Yabiladi - Qu’en est-il des ONG des droits de l'Homme ? Quel est le degré de leur attention à votre égard ?

Salma - Le monde est injuste. Je m’attendais à un dénouement plus juste mais il n’en est rien. Même les organisations qui se disent militer pour les droits de l’homme ne sont humanistes qu’en apparence, elles sont en réalité fortement « politisées ». D’ailleurs, ne nos jours, tout devient « politisé ». Comme vous pouvez le constatez, mon affaire dure depuis plus de deux ans et demi. Le pays où je me trouve actuellement en tant que réfugié n’accepte pas d’accueillir mes enfants. Cela est tout de même scandaleux et injuste ! Ce ne sont que des enfants, qui sont d’ailleurs très affectés par cette affaire. En fait, ces ONG font du « deux poids, deux mesures »…

Yabiladi - Comment ça ?

Salma - J’ai reçu la visite de plus de 20 organisations d’apparence « humanitaire », des parlementaires, des journalistes, des hommes politiques… mais aucune de ces personnes ne s’est réellement intéressée à mon cas. Leur but n’est pas de prendre ma défense, ils ont des enjeux géopolitiques et doivent faire pression sur le Maroc.

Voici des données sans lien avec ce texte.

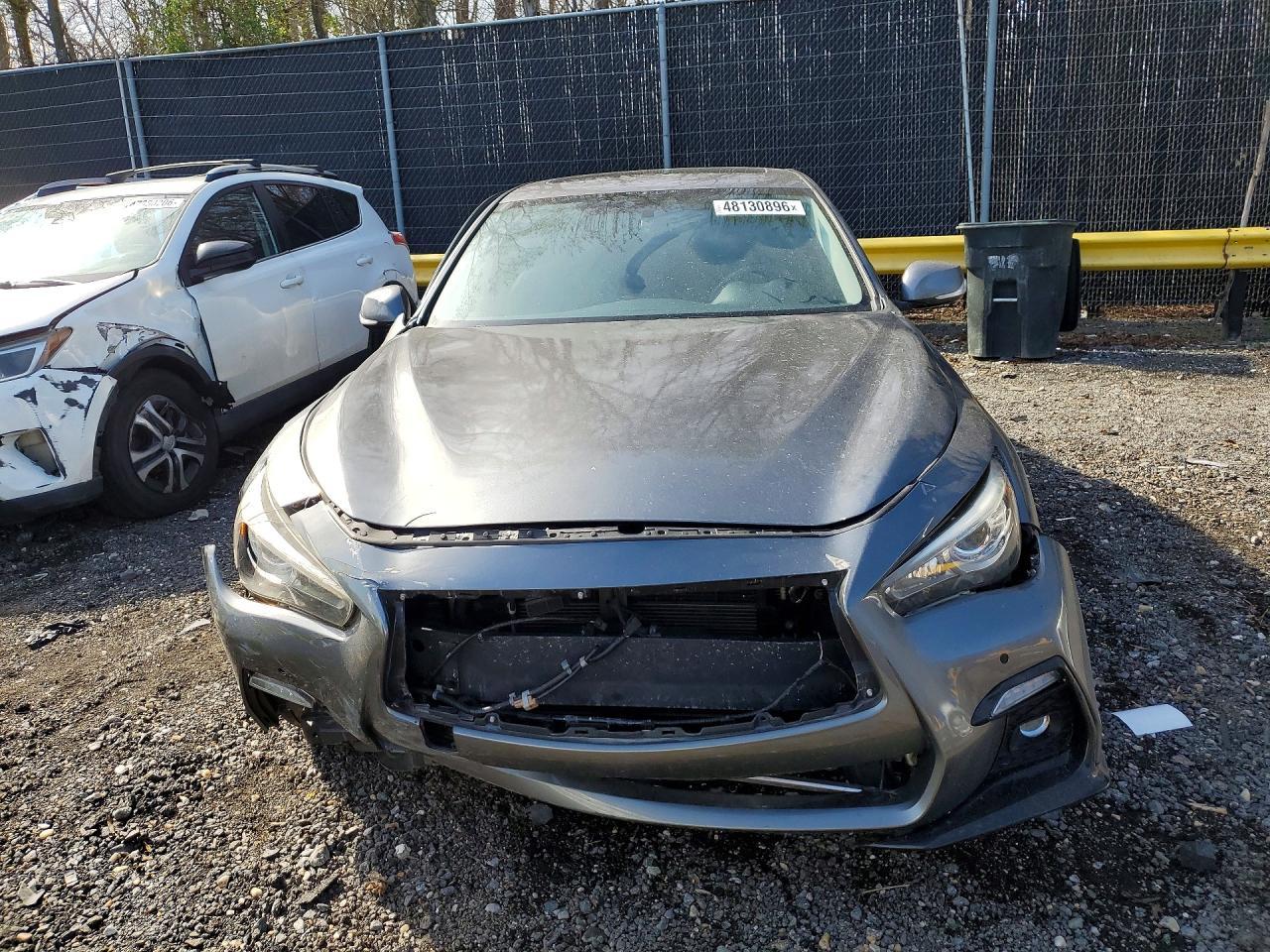 2021 Infiniti Q50 Luxe - Image 5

Si les droits de l’homme les intéressent réellement, qu’ils aillent faire un tour dans les camps de Tindouf pour voir de leurs propres yeux le calvaire que vivent les Sahraouis.
Je suis une victime, victime des violations des droits de l’homme de la part de l’Algérie et du Polisario. Ces organisations mentent à la société. Elles font des pieds et des mains pour des histoires qui n’ont pas la même ampleur ni la même gravité que mon affaire et évitent de traiter mon cas.C’est ridicule!
Actuellement, la plus grande affaire qui touche les droits de l’homme sahraoui, c'est la mienne. Il n’ y a, à ce jour, aucun autre sahraoui privé de rejoindre sa famille. Mon « erreur », si l’on considère cela comme une erreur, a été d’exprimer mon avis. Aujourd’hui, j’en fais les frais.

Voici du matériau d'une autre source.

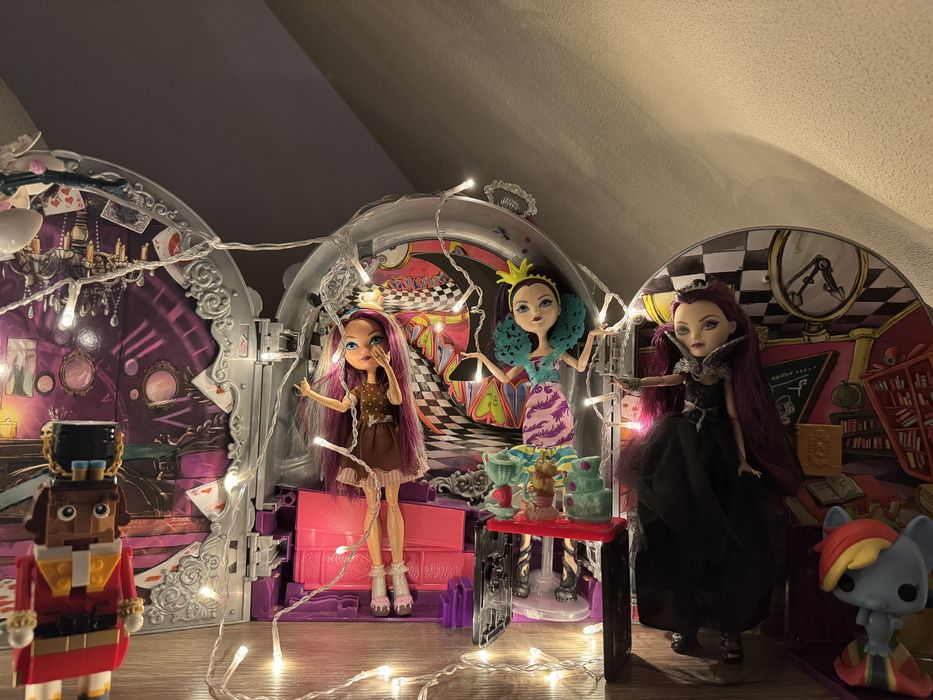 евер афтер хай ляльки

Yabiladi - Certains supports médiatiques disent que votre famille a bénéficié de nombreux privilèges suite à votre déclaration en faveur de l’autonomie du Sahara. Est-ce vrai ?

Salma - Faux. Que les médias disent ce qui leur plaît, mes enfants et ma femme se trouvent encore dans les camps, de quels privilèges parlent-ils au juste?

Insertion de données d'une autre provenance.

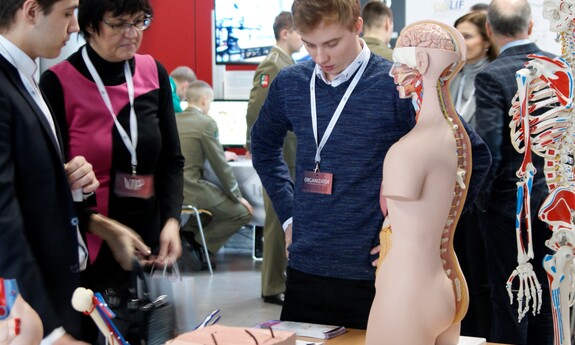 Space Medicine EXPO 2018 już za nami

Yabiladi - Ils parlent de certains membres de votre famille qui se trouvent au Maroc ?

Salma - Je n’ai qu’un frère fonctionnaire au Maroc. Pourtant je suis issu d’une fraterie de 4 filles et 5 garçons.

Yabiladi - Enfin, dernière question, comment voyez-vous l’évolution de la question du Sahara ?

Salma - C’est un grand débat. En vérité, le monde est aujourd’hui dirigé par des pays qui se comptent sur les doigts des mains. D’une part, ces pays-là ne veulent pas d’issue à la question du Sahara car cela compromettra leurs propres intérêts. D’autre part, l’Algérie n’aide pas à l’avancement des négociations. Le front du Polisario ne détient pas le monopole des décisions. Quant aux Sahraouis concernés par la question, ils ont été liquidés par le Polisario et l’Algérie. En résumé, je ne vois aucun soupçon de solution à la question du Sahara.
Et à mon avis, les plus grandes puissances veulent réduire le monde arabo-musulman en miettes. Leur but est de dominer le monde, non seulement en essayant de faire durer les problèmes existants au sein de la communauté arabe, mais en y créant de nouveaux problèmes, comme ce qu’il s’est passé en Irak et ce qu’il se passe aujourd’hui en Egypte, en Lybie et en Syrie. Comment voulez-vous que votre « bourreau » soit votre « sauveur » ?
En plus, la question du Sahara n’est pas une question de problèmes entre chiites, kurdes ou sunnites, tout le monde est bien intégré ici. Ce « faux » problème éthnique a été fabriqué de toutes pièces pour attiser la haine entre le Maroc et l’Algérie et en faire des ennemis. Surtout qu’en Algérie, c’est l’armée qui gouverne, et elle a besoin de soutien pour assurer sa pérennité. L’armée algérienne est à la merci des plus grands Etats, en échange de leur silence. D’ailleurs, l’Algérie est le seul pays où les ONG ne mettent pas les pieds... en plus de la Corée du Nord… (rires). Et ce, en dépit de la guerre civile qui a ravagé le pays.
En résumé, la question du Sahara est une « vache à lait » pour l’occident. Quoi que l’on propose comme solution, les « grands Etats » feront tout pour que les problèmes persistent, c’est une arme qu’ils utilisent quand ils veulent et dont ils ne sont pas prêt de se séparer.